_Problem:_ In your copy, leave out all pictures and reproduce every entry exactly.

++++ Supplied information ++++

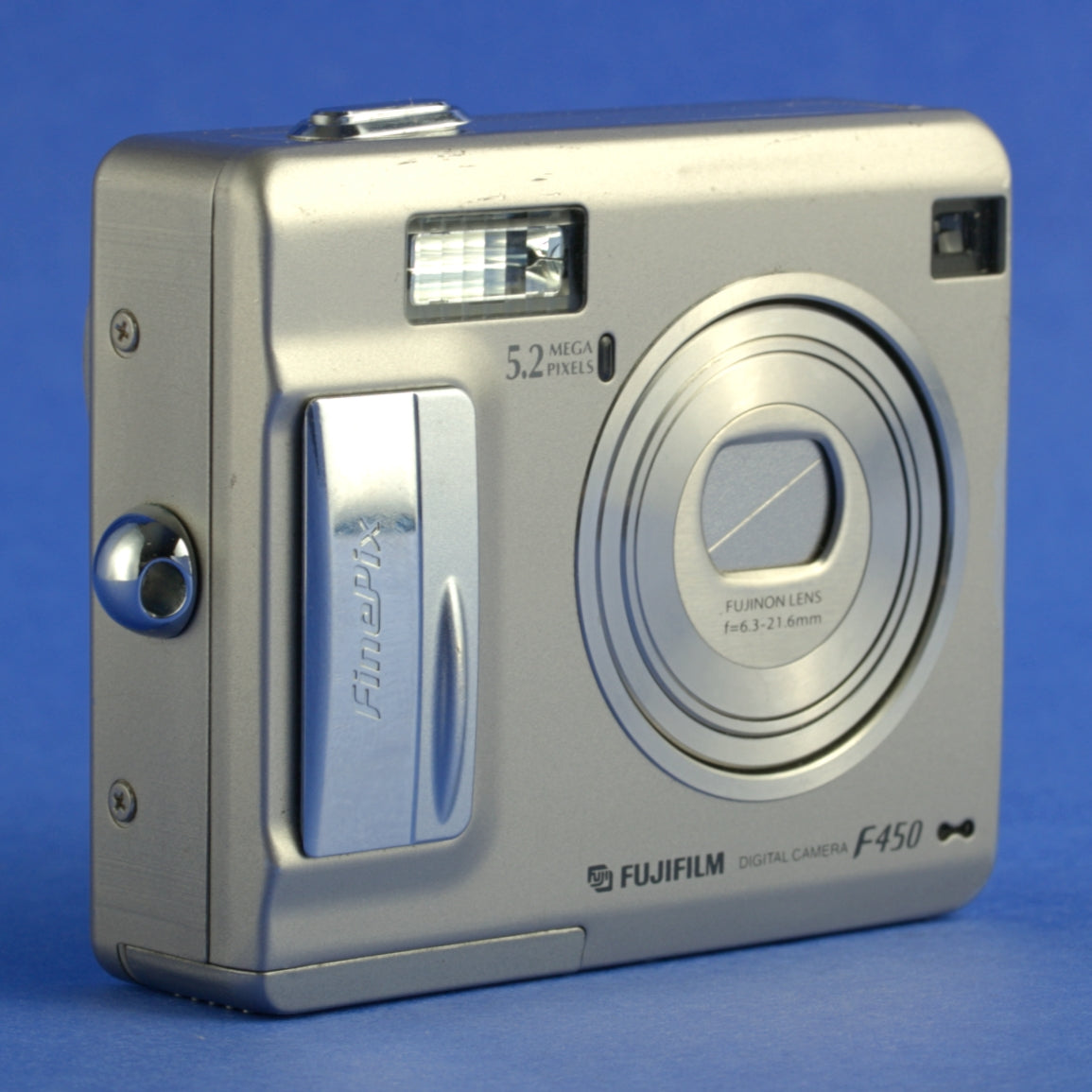 Fujifilm F450 Digital Camera Untested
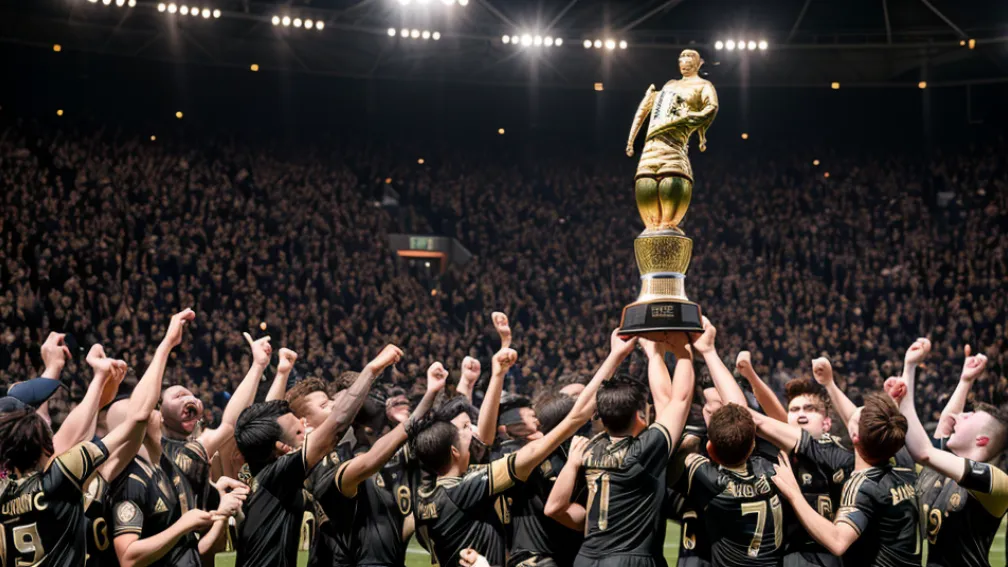 LAFC вириває путівку на Клубний чемпіонат світу у «Америки»: огляд матчу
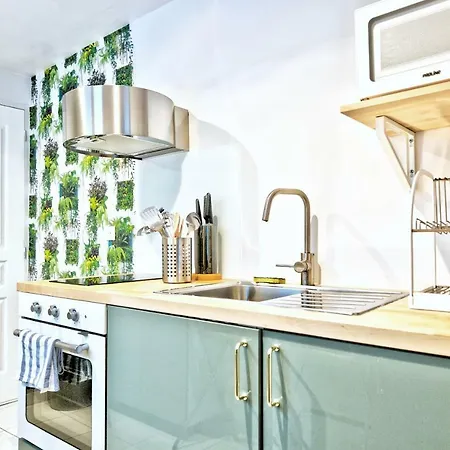 Nuiteejour Centre Lägenhet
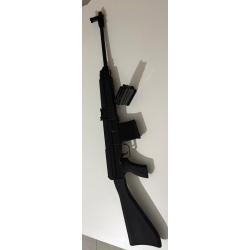 CSA VZ58 sport de rifle 222 rém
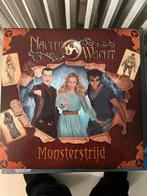 Monsterstrijd, Ophalen, Zo goed als nieuw
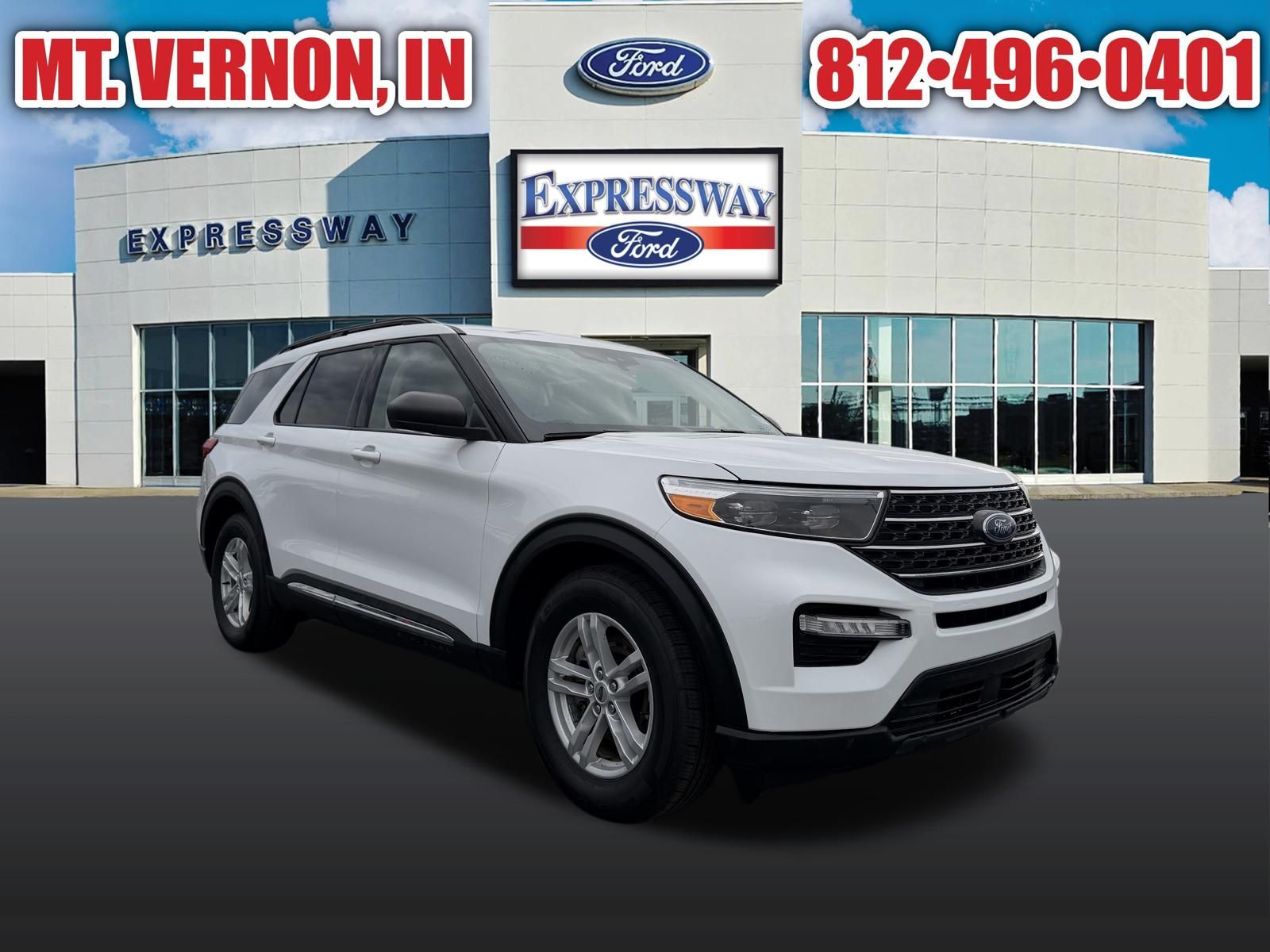 2024 Ford Explorer image 5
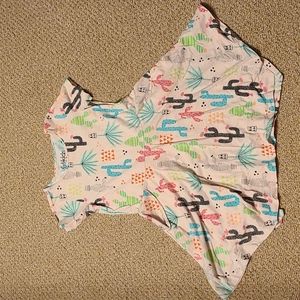 Fabkids 12 Cactus Dress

++++

_Result:_
 Fujifilm F450 Digital Camera Untested
 LAFC вириває путівку на Клубний чемпіонат світу у «Америки»: огляд матчу
 Nuiteejour Centre Lägenhet
 CSA VZ58 sport de rifle 222 rém
 Monsterstrijd, Ophalen, Zo goed als nieuw
 2024 Ford Explorer image 5
 Fabkids 12 Cactus Dress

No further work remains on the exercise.